En tercer lugar, creo que es honesto mencionar mi absurdo orgullo. Tenía los humos arriba con la idea de que ella me pertenecería pronto, una especie de deseo impuesto por la falsa justificación de la larga espera por tenerla. Sin embargo, ella no podía saber (ni tenía porqué) acerca del amor intenso que yo le había reservado herméticamente. La libreta estaba lista, era una sorpresa cargada de historias de desvelos y anhelos por ella, pero mi musa poco o nada estaba al tanto de aquello. No le dí tiempo y ella no había tenido mucho para asimilar todo lo que estaba sucediendo, las implicaciones para sí misma y las consecuencias de decir sí. Cuánto puede la soberbia llevarnos al caos y al despropósito, es algo que aprendí con lágrimas, tras lo sucedido. Mi altivez me golpeó contra el pavimento y me quedé solo, sin ideas y sin brillo. Estaba dejando perder la más bella alegría de mi vida, pero no estaba dispuesto a dar el brazo a torcer, por el caprichoso sentimiento de merecerlo todo; me poseía la locura de tenerla solo para mí, sin antes haber luchado lo suficiente. Ella valía la vida entera, pero yo estaba enceguecido y envanecido. El amor se había tornado en una turbulenta creciente en su forma más baja de egoísmo y furor. Lo que empezó a florecer una mañana soleada se echó a perder una noche lluviosa. A la siguiente, charlando a solas con ella, en la esquina de su casa, yo estaba arrepentido, pero no lo suficiente. Le entregué el libro de poemas y cartas, envuelto en un papel. Ella ignoraba de qué se trataba y al comienzo no quiso recibirlo, pero yo insistí. Dulcemente me dio un beso. Y la dejé allí, desconcertada. Y yo, absurdamente resuelto a terminar así la historia escrita en el libro, hundido en mis caprichos, no supe que apenas comenzaba un desierto frío, insufrible y sombrío, ya sin ella.
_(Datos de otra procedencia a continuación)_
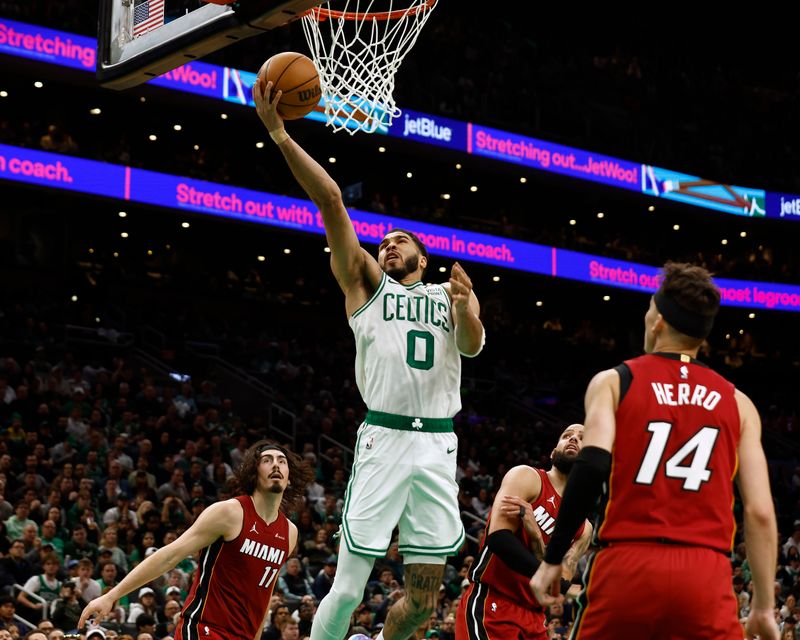 BOSTON, MA - APRIL 21: Jayson Tatum #0 of the Boston Celtics goes to the basket as the Miami Heat defense looks on during the second half of game one of the Eastern Conference First Round Playoffs at TD Garden on April 21, 2024 in Boston, Massachusetts. NOTE TO USER: User expressly acknowledges and agrees that, by downloading and/or using this Photograph, user is consenting to the terms and conditions of the Getty Images License Agreement. (Photo By Winslow Townson/Getty Images)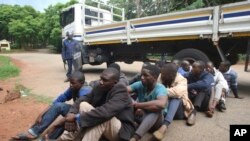 A policeman stands guard as some of the people arrested during demonstrations over the hike in fuel prices, make their court appearance at the magistrates courts in Harare, Zimbabwe, Wednesday, Jan,16, 2019.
Del amor contrariado al amor afirmado. De no haber sucedido un vuelco tan radical en nuestra vida, hoy seguiría contando esta historia entre lágrimas. Amar es un arte que se aprende, a veces de esa manera. Sin embargo, también es posible desandar el camino e intentar de nuevo. Y aunque no sabemos lo que será mañana, amar es un vuelo fascinante si disponemos de las alas adecuadas. Liliana y yo aprendimos a volar distinto, ya más maduros, más sabios, más libres, pero esa es otra historia.